Given a string s, partition s such that every substring of the partition is a palindrome. Return all possible palindrome partitioning of s.

Example 1:

Input: s = "aab"
Output: [["a","a","b"],["aa","b"]]

Example 2:

Input: s = "a"
Output: [["a"]]

Constraints:

• 1 <= s.length <= 16
• s contains only lowercase English letters.

Approach 01:

#include <bits/stdc++.h>

using namespace std;

class Solution {
public:
    vector<vector<string>> partition(string s) {
        vector<vector<string>> result;
        solve(s, 0, {}, result);
        return result;
    }

private:
    void solve(const string& s, int start, vector<string>&& path,
             vector<vector<string>>& result) {
        if (start == s.length()) {
            result.push_back(path);
            return;
        }

        for (int i = start; i < s.length(); ++i)
            if (isPalindrome(s, start, i)) {
                path.push_back(s.substr(start, i - start + 1));
                solve(s, i + 1, move(path), result);
                path.pop_back();
            }
    }

    bool isPalindrome(const string& s, int l, int r) {
        while (l < r)
            if (s[l++] != s[r--])
                return false;
        return true;
    }
};

from typing import *

class Solution:
    def partition(self, s: str) -> List[List[str]]:
        result = []

        def isPalindrome(s: str) -> bool:
            return s == s[::-1]

        def solve(s: str, j: int, path: List[str], result: List[List[str]]) -> None:
            if j == len(s):
                result.append(path)
                return

            for i in range(j, len(s)):
                if isPalindrome(s[j : i + 1]):
                    solve(s, i + 1, path + [s[j : i + 1]], result)

        solve(s, 0, [], result)
        return result

Time Complexity

• Recursive Partitioning:

  The function partition recursively partitions the string s into palindromic substrings.
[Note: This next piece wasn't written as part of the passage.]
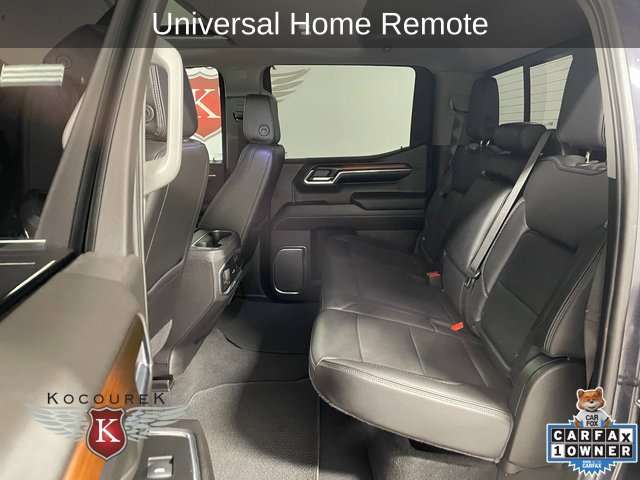 Used 2024 GMC Sierra 1500 Denali w/ Technology Package AWD/4WD image 22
The isPalindrome function is called to check each substring’s palindromic property.

• Recursive Calls:

  In the worst case, the algorithm explores all possible partitions of the string. The number of partitions can grow exponentially with the input size, considering all possible divisions of the string.

• Overall Time Complexity:

  The overall time complexity is \( O(n \cdot 2^n) \), where \( n \) is the length of the input string s. This complexity arises due to the exponential number of possible partitions and the linear time check for each partition.

Space Complexity

• Recursive Stack Space:

  The space complexity is determined by the maximum depth of the recursion stack, which is equal to the maximum number of recursive calls made.

• Path Storage:

  Each valid partition (path) is stored temporarily in the path vector, which contributes to space usage.

• Overall Space Complexity:

  The overall space complexity is \( O(n \cdot 2^n) \), similar to the time complexity. This is dominated by the space required for storing all possible partitions and the recursion stack space.